A 51-year-old caucasian woman, living in Italy since her birth, presented with a 6-month history of a left swollen cheek and intraoral nodule, unresponsive to antibiotics. Her previous medical history was positive for seasonal allergies and left jowl reconstructive surgery with filling for a car accident 5 years before. Blood tests were unremarkable; physical examination showed an asymptomatic left cheek bulge and a 1 × 0.5 cm nontender noninflammatory submucosal firm nodule located in the left maxillary vestibule. An intraoral ultrasound examination was performed (Figure 1). Differential diagnoses of benign and malignant lesions were likely ruled out and preliminary diagnoses of probable filariasis or foreign body reaction were made. Filariasis serology and microfilaremia were negative. The patient refused antiparasitic treatment, and an excisional biopsy was performed; the healing was complicated by a surgical site infection. Microscopy revealed a cystic cavity containing a cross section of an onchocercidae worm (Figure 2). Considering the clinical picture, histology, and epidemiology, an ultimate presumable diagnosis of dirofilariasis was made.

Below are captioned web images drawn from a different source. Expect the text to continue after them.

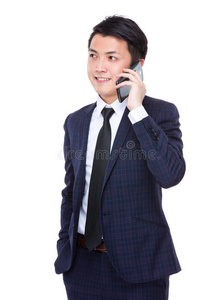 亚洲商人与手机通话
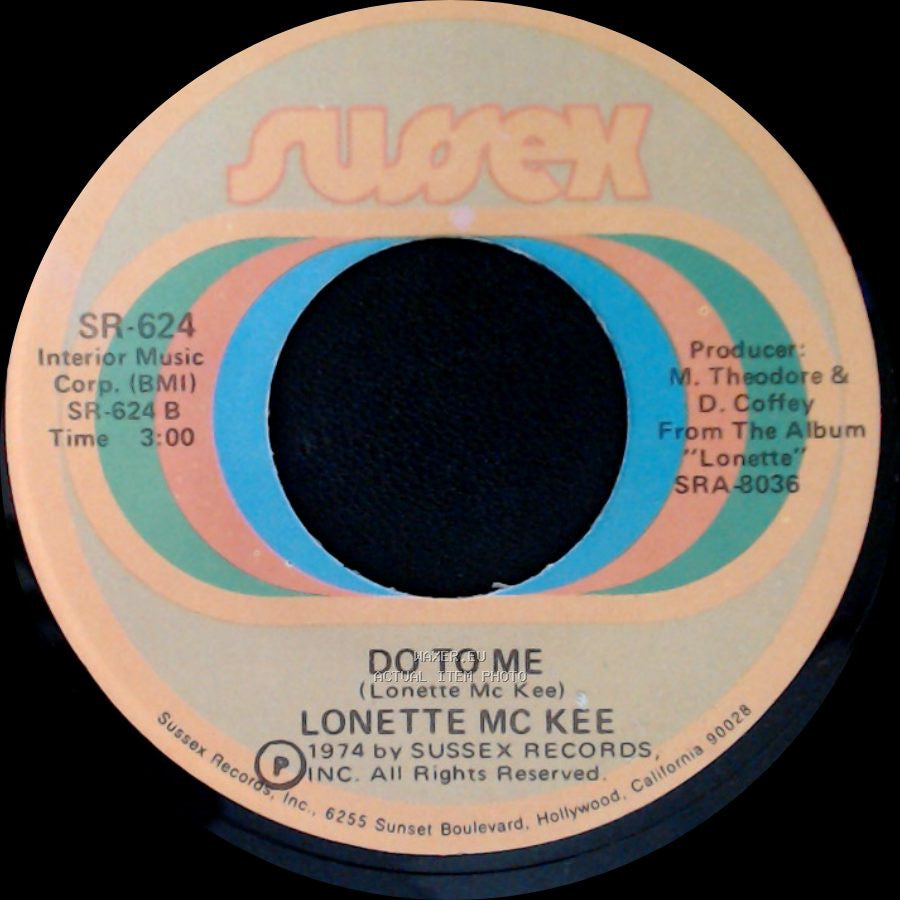 Lonette Mc Kee - Do To Me / Save It (Don't Give It Away) side A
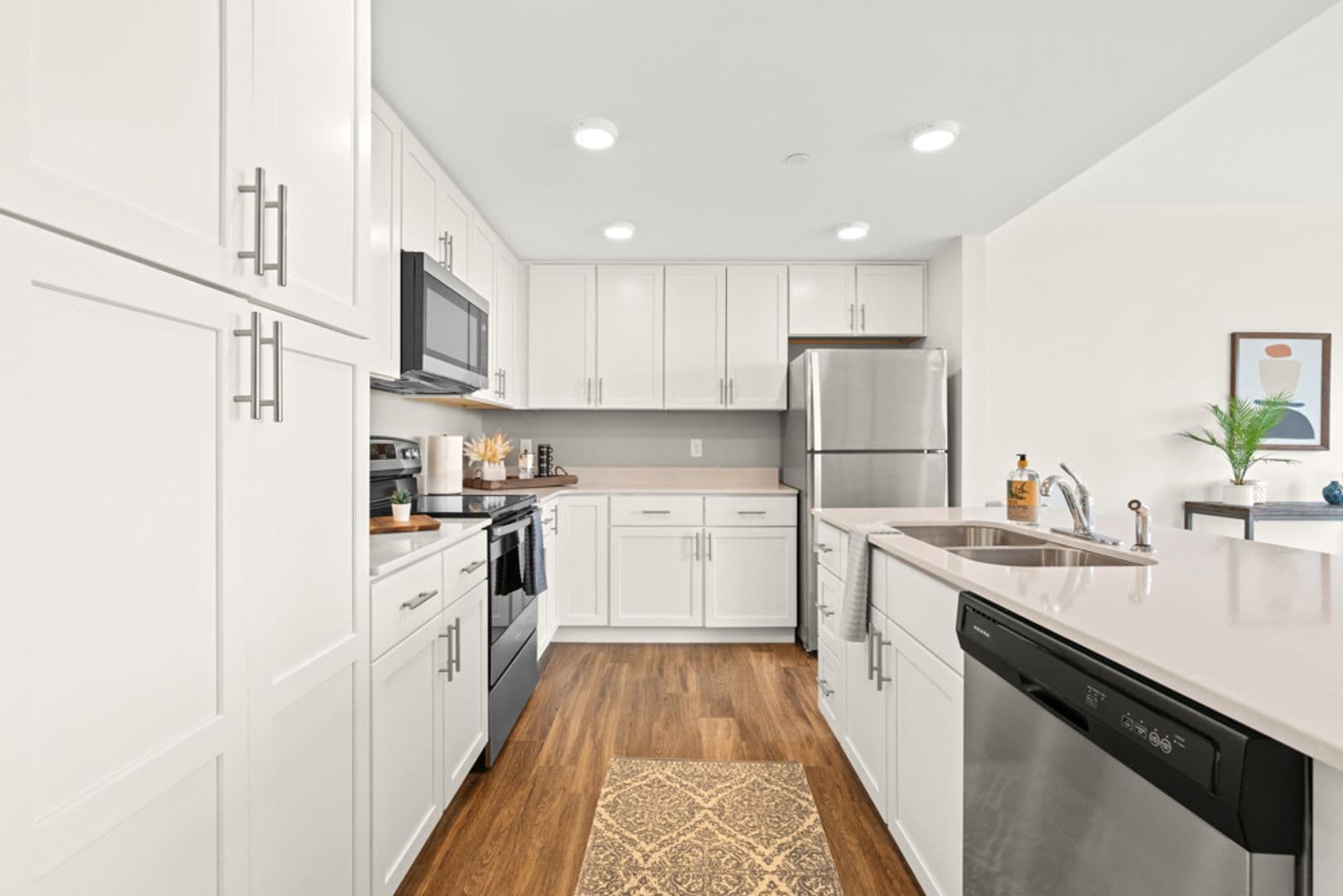 Cedar Falls Apartment: 825 Bluegrass Cir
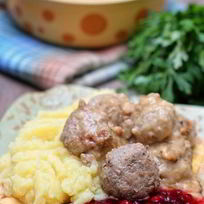 Рецепт Шведских тефтелей с соусом Брюн Сос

Dirofilaria are mosquito-borne nematodes infecting canines.1 Man is a dead-end host rarely infected by bites of vector mosquitoes.1 Endemic areas include tropical and subtropical regions, the United States, Australia, and the Mediterranean area.1 Recently, dirofilariasis spread to previously free countries because of climate changes and emerging vectors.2
Most of the cases involve the head, neck, or periocular region; oral dirofilariasis is rare.3 The most common presentation is a single symptomless subcutaneous/submucosal nodule.3 As in our case, dirofilarias usually affect adult females, and microfilaremia, eosinophilia, and immunoglobulin E elevation are absent.3 Serology is not helpful; polymerase chain reaction has been suggested,2 but it is resource consuming and not widely available. Because of the wide variety of the differential diagnoses, surgical excision is the most used technique to reach the diagnosis.3–5 However, histopathology has limitations because the nematode morphology may be altered by inflammatory responses or surgical manipulations,4 as in our case.
To date, scarce data are available about ultrasonography of dirofilarial nodules; doppler imaging may also be helpful in the differential diagnosis.4 Older lesions present calcification and fibrosis,5 whereas younger nodules may show a weakly moving filiform worm (see Supplemental Video 1).4 In cases of surgical difficulty in reaching sites and controindications to diethylcarbamazine, ultrasonography should be considered for a watch and wait strategy. Physicians should be aware of this possibility to prompt the best diagnostic workup to avoid patient anxiety and invasive or unnecessary investigations.
Simón F, Siles-Lucas M, Morchón R, González-Miguel J, Mellado I, Carretón E, Montoya-Alonso JA, 2012. Human and animal dirofilariasis: the emergence of a zoonotic mosaic. Clin Microbiol Rev 25: 507–544.
Falidas E, Gourgiotis S, Ivopoulou O, Koutsogiannis I, Oikonomou C, Vlachos K, Villias C, 2016. Human subcutaneous dirofilariasis caused by Dirofilaria immitis in a Greek adult. J Infect Public Health 9: 102–104.
Latifoğlu O, Ozmen S, Sezer C, Yavuzer R, Altintaş K, Uluoğlu O, 2002. Dirofilaria repens presenting as a premasseteric nodule. Oral Surg Oral Med Oral Pathol Oral Radiol Endod 94: 217–220.
Tilakaratne WM, Pitakotuwage TN, 2003. Intra-oral Dirofilaria repens infection: report of seven cases. J Oral Pathol Med 32: 502–505.